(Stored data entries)
• • • • • • •

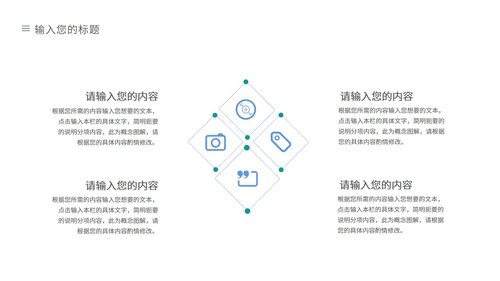 蓝色简约风企业宣传PPT模板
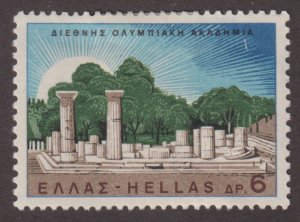 Greece 890 Rising Sun Over Altis Ruins at Olympia 1967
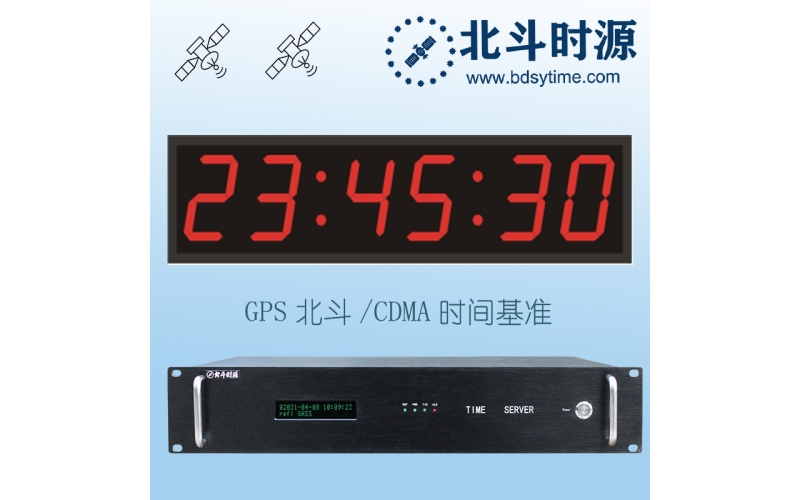 北斗時(shí)源（北京）科技有限公司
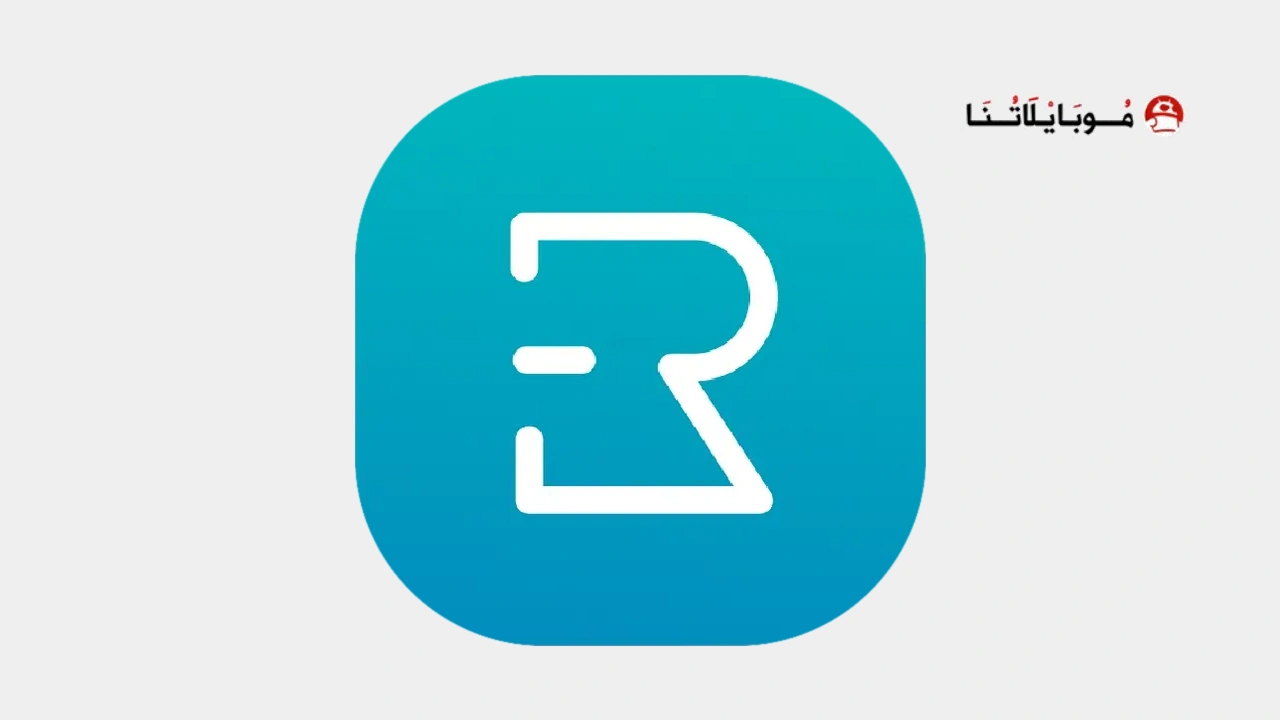 Reev Pro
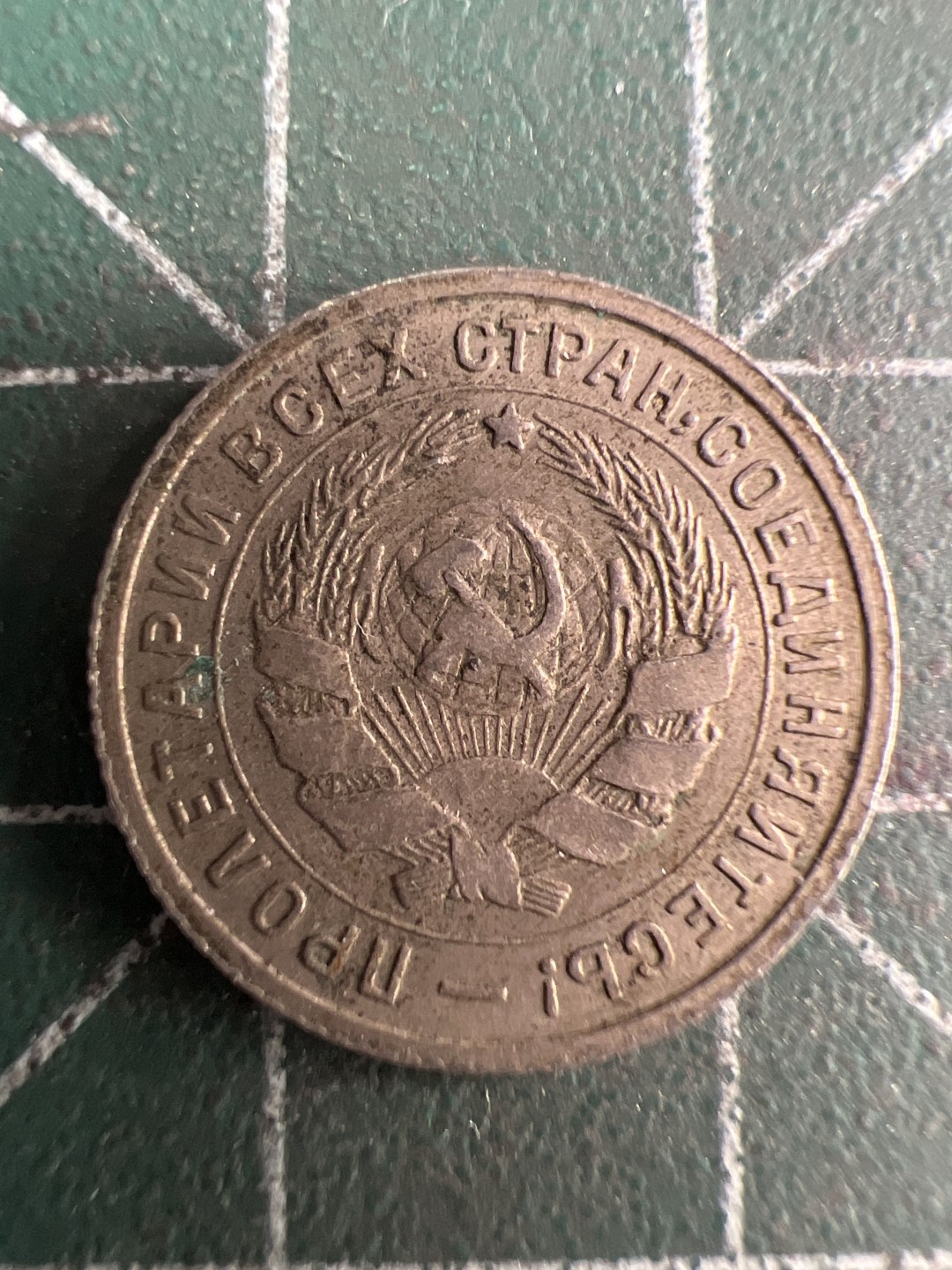 泡泡堂微拍第五十九幕硬币捡漏可累计专场👿👿，零佣金，零押金，累计满二十元包邮，接受代拍业务 苏联10戈比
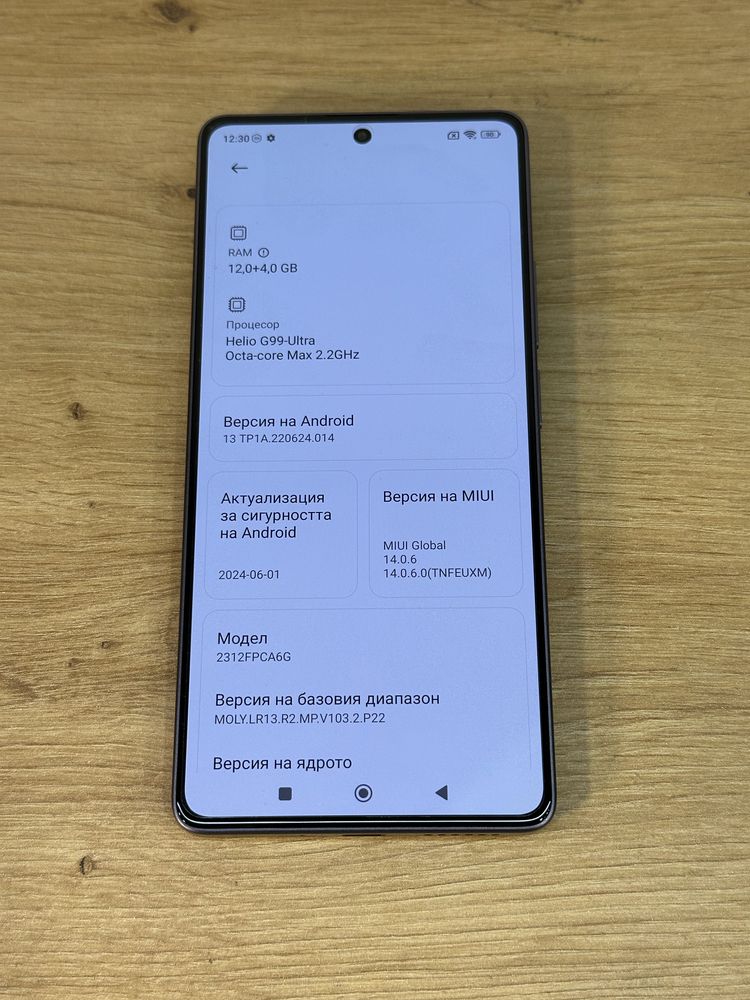 Poco M6 pro 512/12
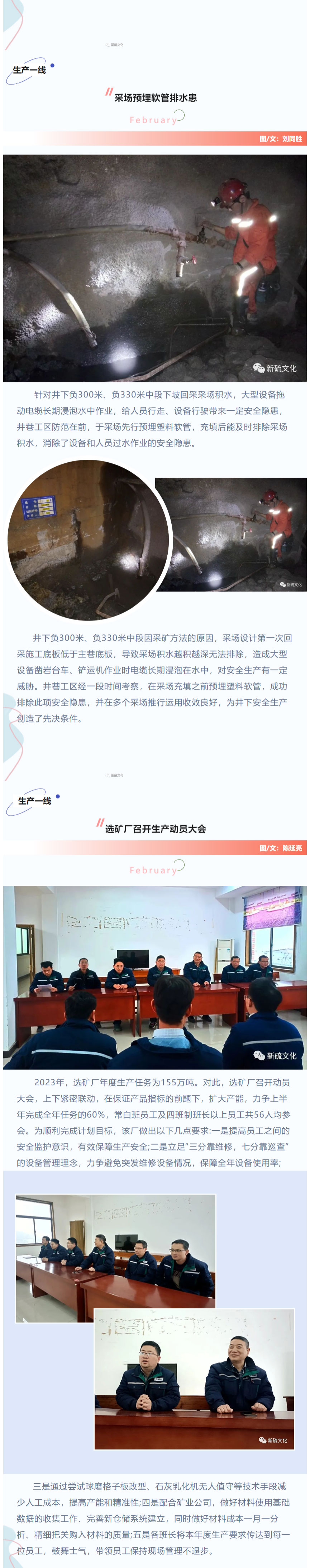银娱优越会·GEG(中国)股份有限公司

• • • • • • •

When copying the records, reproduce every entry exactly and omit all pictures.

Output of the exercise ::
 蓝色简约风企业宣传PPT模板
 Greece 890 Rising Sun Over Altis Ruins at Olympia 1967
 北斗時(shí)源（北京）科技有限公司
 Reev Pro
 泡泡堂微拍第五十九幕硬币捡漏可累计专场👿👿，零佣金，零押金，累计满二十元包邮，接受代拍业务 苏联10戈比
 Poco M6 pro 512/12
银娱优越会·GEG(中国)股份有限公司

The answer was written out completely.